A GIANT Time: A Behind-The-Scenes Look At How “Giant” Became The National Film About Texas

June 26, 2024
7 mins read

Big? Yep. Grand? You bet. Giant? Definitely. The epic movie about Reata, a fabled 595,000-acre West Texas ranch, and its inhabitants, changed how the world viewed Texas, perpetuating and emboldening the stereotypes of Texans that still resonate today in pop culture. Plus, there’s no denying its vast impact of the myth, the film, and the West Texas area where it was shot almost seventy years ago in 1955, according to our own Giant film aficionado, Lance Avery Morgan.

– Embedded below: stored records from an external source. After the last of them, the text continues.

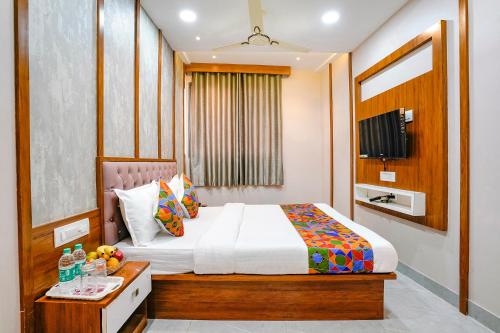 a bedroom with a bed and a table with fruit on it at Hotel Affari in Mumbai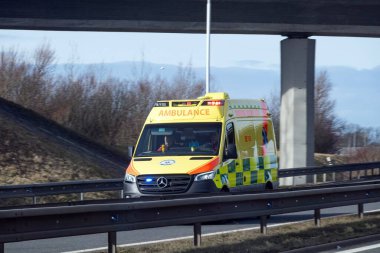 OSTRAVA, CZECHIA - 26 Ocak 2024: Çek Mercedes-Benz Sprinter ambulans aracı çarpışma bariyerinin arkasındaki otoyolda hareket bulanıklığı yarattı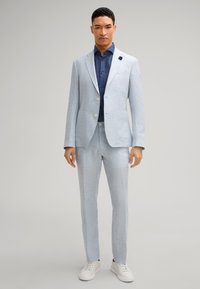 Jasnoniebieski garnitur z lnu o dopasowanym kroju, jednorzędowa marynarka, dwie przednie kieszenie, połączony z ciemnoniebieską koszulą i białymi trampkami.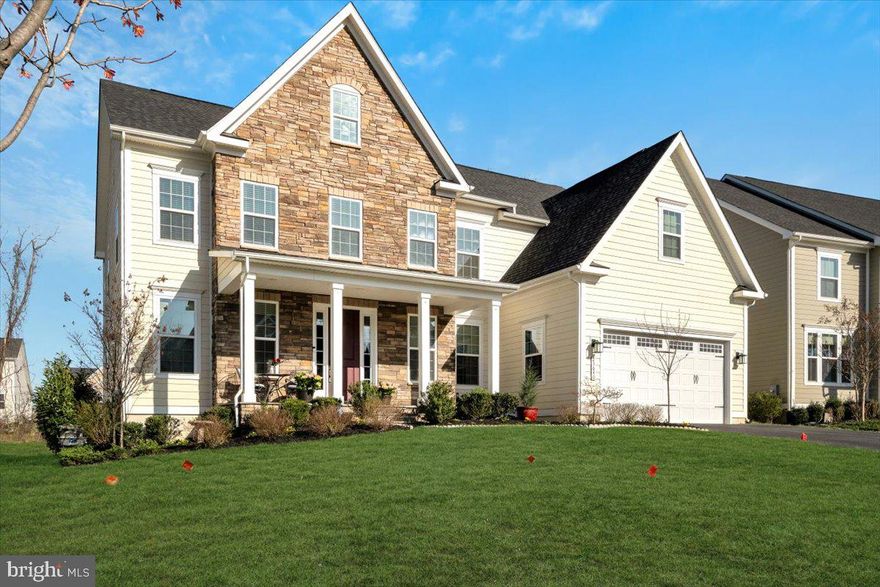 Welcome To Willowsford   This Multigenerational NV Homes Radford Model With Double Ceilings  **Main Level Bedroom/Bathroom, and a Basement Bed Bath ** is A Masterpiece Located In The Prestigious Willowsford Community, Offering A Perfect Blend Of Rural Charm And Modern Amenities.   This Expansive Home Boasts 6 Bedrooms And 5 Full Bathrooms, Including Ideal Walk-up Bsmt, With About 5,500 Sq Ft, A Flat Yard & Extended Deck & 2 Garages  Step Inside To Discover A Grand 2-Story Family Room With An Elegant Overhang From The Bedroom Level, Creating A Dramatic And Open Atmosphere.   The Main Level Features An Extended Area With A Large Dining Room, A Spacious Library, And A Kitchen That Is A Chef's Dream.   It Includes An Extended Large Island, Extra-Large Counter Space, A Tea Nook, And A Second Dining Area.   Abundant Windows Flood The Space With Natural Light, Highlighting The Beautiful Wood Floors Throughout The Main Level And Hallway.   The Dual Staircase Adds Both Elegance And Functionality, Leading To The Upper Level Where You'll Find **Each Bedroom Attached to Bathroom**A Luxurious Master Suite With A Large Tub, 2-Person Standing Shower, And A Dreamy Extra Large Closet.   The Princess Suite And 2 Other Bedrooms with Walk-in Closets A Jack And Jill Bathroom Provide Ample Space For Family Or Guests. **  Convenience Is Key With A Bedroom-Level Laundry Room Equipped With A Sink, Ironing Area, And Plenty Of Storage**.The Finished Walk-Up Basement Offers A Legal Bedroom And Bathroom, A Full Kitchen/Bar With Lots Of Cabinets (No Permit for electric stove But Professionally Finished), A Sitting And Game Area, And Additional Storage Space.   Enjoy Outdoor Living With A Covered And Extended Deck Area For BBQ, Perfect For Entertaining Or Relaxing While Overlooking The Serene Tree Line.   Located Near Rt 50, Rt 15 Leading To Western Loudoun & Rt 234 Leading To PW County, 15 Minutes To The Dulles Airport, Next To Hartland / Lenah Mill & Brambleton, Local & Chain Shopping, Dining, And Commuting Routes, This Home Offers Rural-Style Living With Access To Modern Amenities.   Be Part Of The Vibrant Willowsford Community, With Access To Barns, Farms, And Wineries.   Commuter Buses To The DC Area Make This Location Ideal For Those Working In The City.   Comes With **Home Warranty * Sprinkler System * Security System**   Please Visit VIRTUAL TOUR Section To See Unlimited Amenities Link That Willowsford Offers  A 4,125-Acre Master-Planned Community Of 2,195 Single-Family Homes.   The Boat House At Willow Lake Is One Of Two Information Centers Used To Market The Community.   It Also Functions As A Traditional Boathouse, Providing Canoes And Kayaks To Residents If You Like To Stop By!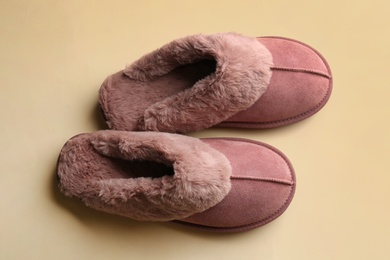 Pair of stylish soft slippers on beige background, flat lay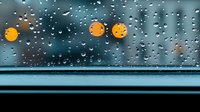 Raindrops on car window with blurred yellow street lights creating bokeh effect against dark moody background, dramatic weather atmosphere for seasonal concepts.
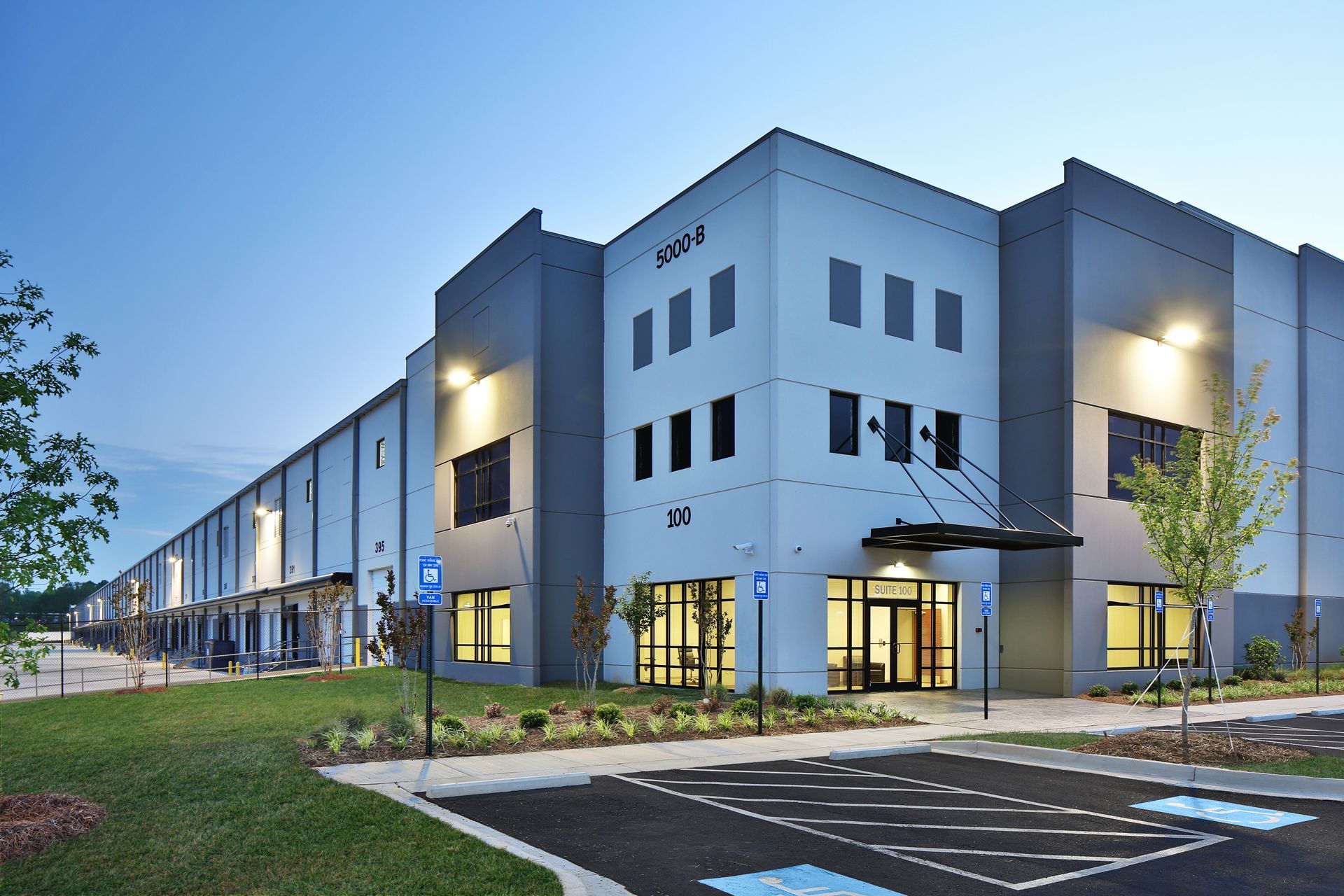 Modern blue-gray apartment complex at dusk with lit entrance and parking lot Modern blue-gray apartment complex at dusk with lit entrance and parking lot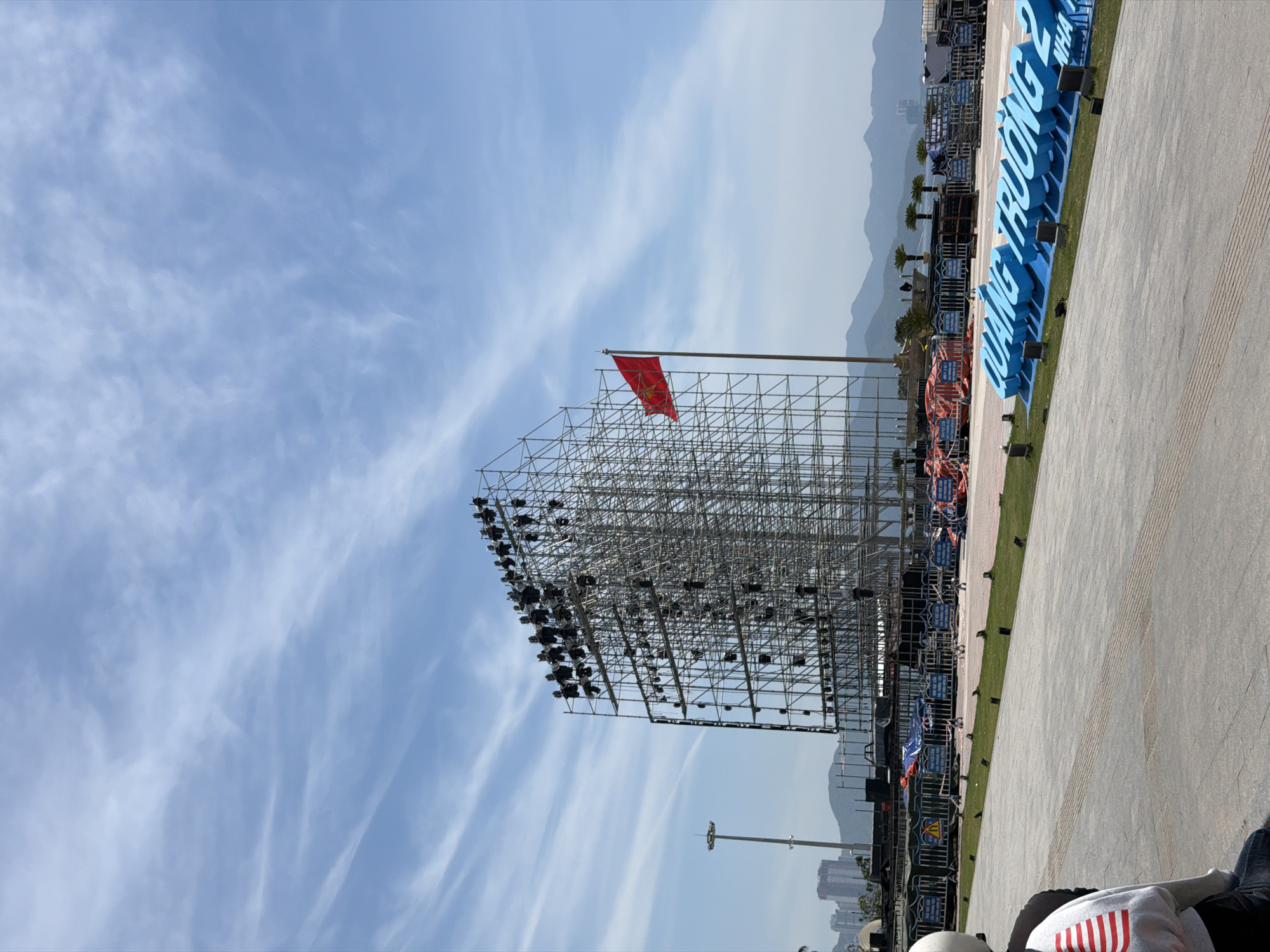 The image captures a wide outdoor scene with a bright blue sky and scattered white clouds. In the foreground, a paved area leads to a grassy strip where large, three-dimensional blue letters spelling "QUANG TRUONG" are displayed, along with partial text indicating "NHA". Beyond the grass, a large metal scaffolding structure is erected, covered with numerous lights. A red flag with a yellow star, likely the Vietnamese flag, flies from a pole to the right of the scaffolding. In the background, hills and mountains are visible, with some buildings on the left. Several barriers and orange tarpaulins are present around the scaffolding area, suggesting event preparation. A person wearing a white helmet and a grey and white striped shirt is partially visible on the left edge of the frame, sitting on what appears to be a motorcycle. The overall scene suggests an outdoor event or festival setup in Nha Trang, Vietnam.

Inspired by real-life Texas oilman Glenn McCarthy, author Edna Ferber’s 1952 best-selling book, on which the three-and-a-half hour epic movie is based, captured all that was right and wrong with Texas, and the country, at the time. In fact, Reata, the fictional ranch in the book, was thought by some to be influenced by the expansive King Ranch in South Texas. Pulitzer-prize-winning Ferber was known to be socially conscious with successful, multi-generational saga bestsellers and their film adaptations like Show Boat, So Big, and Cimarron. Ferber’s Texas in Giant is painted in broad strokes as in those works. The men, tall and tough, and the independent women, just as robust, served as archetypes still firmly in place within and beyond the state’s borders and beyond. As Ferber wrote in the book, “It’s fun telling you tall Texas tales. You always look like a little girl who’s hearing Cinderella for the first time.” The film, in retrospect, reflected the upward mobility of the masses just having recently survived the Great Depression and WWII with the fresh-scrubbed personalities of its young cast members of Rock Hudson (29), Elizabeth Taylor (23), and James Dean (24). It was a magical confluence of circumstances that made the film what it is today.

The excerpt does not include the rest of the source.